Supplied records:
.....
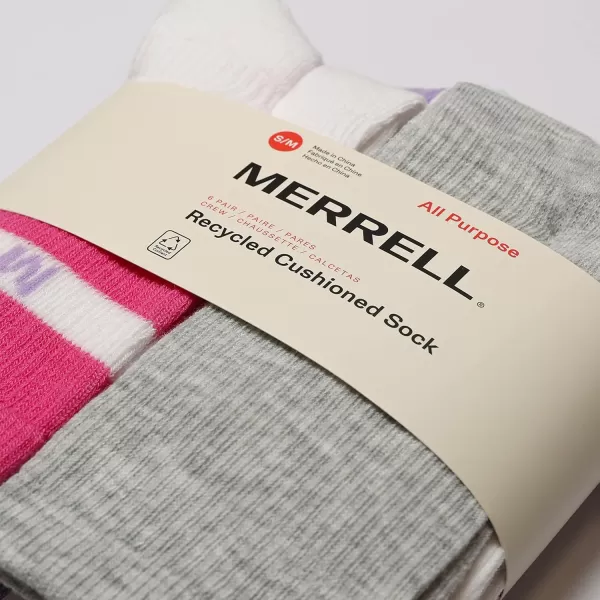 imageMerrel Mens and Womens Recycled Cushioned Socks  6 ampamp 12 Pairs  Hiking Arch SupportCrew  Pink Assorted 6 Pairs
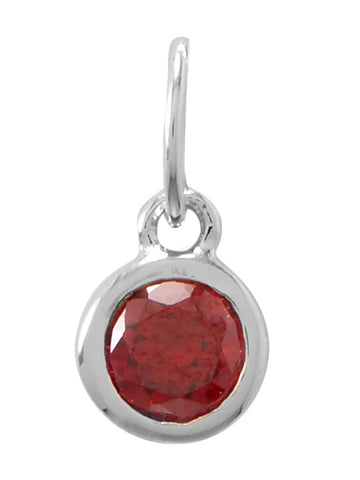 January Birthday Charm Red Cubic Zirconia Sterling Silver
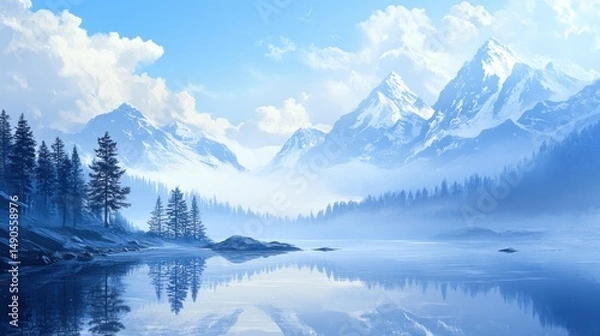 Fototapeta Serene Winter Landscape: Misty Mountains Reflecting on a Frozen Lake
.....
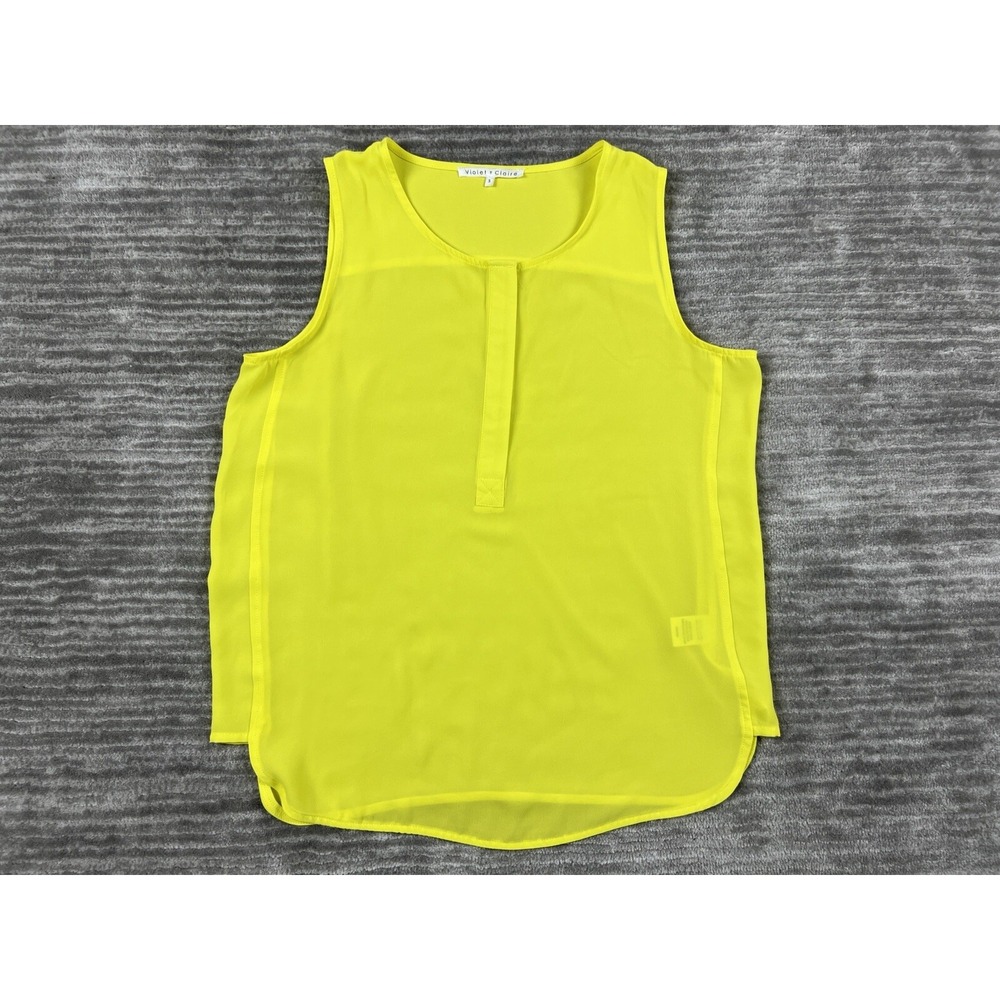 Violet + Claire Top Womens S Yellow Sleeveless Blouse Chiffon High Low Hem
.....
Problem:
Write out again exactly the lines above from the one with "imageMerrel Mens and" through the one with "Fototapeta Serene Winter", adding no other lines and no pictures.

Response area:
 imageMerrel Mens and Womens Recycled Cushioned Socks  6 ampamp 12 Pairs  Hiking Arch SupportCrew  Pink Assorted 6 Pairs
 January Birthday Charm Red Cubic Zirconia Sterling Silver
 Fototapeta Serene Winter Landscape: Misty Mountains Reflecting on a Frozen Lake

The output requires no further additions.